§ What you are asked to do
Below are the records; copy exactly the stretch from the line containing "Protective coveralls shown" through the line containing "Vector black icon for honey bee", both ends included, and nothing else.

Crawled caption data:
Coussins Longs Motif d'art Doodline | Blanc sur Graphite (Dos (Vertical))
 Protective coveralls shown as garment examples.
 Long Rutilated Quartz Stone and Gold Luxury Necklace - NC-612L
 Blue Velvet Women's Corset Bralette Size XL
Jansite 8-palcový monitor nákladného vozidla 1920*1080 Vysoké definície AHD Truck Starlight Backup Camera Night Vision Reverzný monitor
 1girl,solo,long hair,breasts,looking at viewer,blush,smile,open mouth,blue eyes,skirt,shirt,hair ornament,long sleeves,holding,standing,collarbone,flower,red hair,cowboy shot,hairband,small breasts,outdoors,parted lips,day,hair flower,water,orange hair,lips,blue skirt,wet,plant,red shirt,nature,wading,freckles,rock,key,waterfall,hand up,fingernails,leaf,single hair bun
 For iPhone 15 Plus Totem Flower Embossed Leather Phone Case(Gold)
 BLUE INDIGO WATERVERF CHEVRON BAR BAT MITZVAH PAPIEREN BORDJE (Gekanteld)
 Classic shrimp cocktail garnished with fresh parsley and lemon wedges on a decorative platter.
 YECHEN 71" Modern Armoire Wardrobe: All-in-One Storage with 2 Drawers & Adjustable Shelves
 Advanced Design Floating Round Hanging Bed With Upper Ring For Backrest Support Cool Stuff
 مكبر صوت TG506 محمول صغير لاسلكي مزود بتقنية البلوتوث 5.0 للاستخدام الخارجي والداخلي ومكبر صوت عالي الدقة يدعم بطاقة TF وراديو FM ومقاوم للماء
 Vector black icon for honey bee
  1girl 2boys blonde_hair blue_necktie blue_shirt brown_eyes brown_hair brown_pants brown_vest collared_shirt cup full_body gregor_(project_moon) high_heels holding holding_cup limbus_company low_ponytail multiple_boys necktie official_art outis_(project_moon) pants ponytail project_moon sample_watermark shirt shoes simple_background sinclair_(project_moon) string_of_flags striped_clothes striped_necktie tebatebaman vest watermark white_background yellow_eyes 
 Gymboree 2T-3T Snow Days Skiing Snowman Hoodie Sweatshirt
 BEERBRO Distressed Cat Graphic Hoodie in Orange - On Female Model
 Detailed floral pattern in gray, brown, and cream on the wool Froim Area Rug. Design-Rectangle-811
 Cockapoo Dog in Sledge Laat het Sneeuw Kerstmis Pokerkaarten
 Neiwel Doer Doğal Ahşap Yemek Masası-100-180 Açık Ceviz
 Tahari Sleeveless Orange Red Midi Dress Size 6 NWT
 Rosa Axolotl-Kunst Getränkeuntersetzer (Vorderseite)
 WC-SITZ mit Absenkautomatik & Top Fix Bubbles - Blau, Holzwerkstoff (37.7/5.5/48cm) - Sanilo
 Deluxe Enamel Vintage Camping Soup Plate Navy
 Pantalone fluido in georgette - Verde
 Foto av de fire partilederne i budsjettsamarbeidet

§ Reply
 Protective coveralls shown as garment examples.
 Long Rutilated Quartz Stone and Gold Luxury Necklace - NC-612L
 Blue Velvet Women's Corset Bralette Size XL
Jansite 8-palcový monitor nákladného vozidla 1920*1080 Vysoké definície AHD Truck Starlight Backup Camera Night Vision Reverzný monitor
 1girl,solo,long hair,breasts,looking at viewer,blush,smile,open mouth,blue eyes,skirt,shirt,hair ornament,long sleeves,holding,standing,collarbone,flower,red hair,cowboy shot,hairband,small breasts,outdoors,parted lips,day,hair flower,water,orange hair,lips,blue skirt,wet,plant,red shirt,nature,wading,freckles,rock,key,waterfall,hand up,fingernails,leaf,single hair bun
 For iPhone 15 Plus Totem Flower Embossed Leather Phone Case(Gold)
 BLUE INDIGO WATERVERF CHEVRON BAR BAT MITZVAH PAPIEREN BORDJE (Gekanteld)
 Classic shrimp cocktail garnished with fresh parsley and lemon wedges on a decorative platter.
 YECHEN 71" Modern Armoire Wardrobe: All-in-One Storage with 2 Drawers & Adjustable Shelves
 Advanced Design Floating Round Hanging Bed With Upper Ring For Backrest Support Cool Stuff
 مكبر صوت TG506 محمول صغير لاسلكي مزود بتقنية البلوتوث 5.0 للاستخدام الخارجي والداخلي ومكبر صوت عالي الدقة يدعم بطاقة TF وراديو FM ومقاوم للماء
 Vector black icon for honey bee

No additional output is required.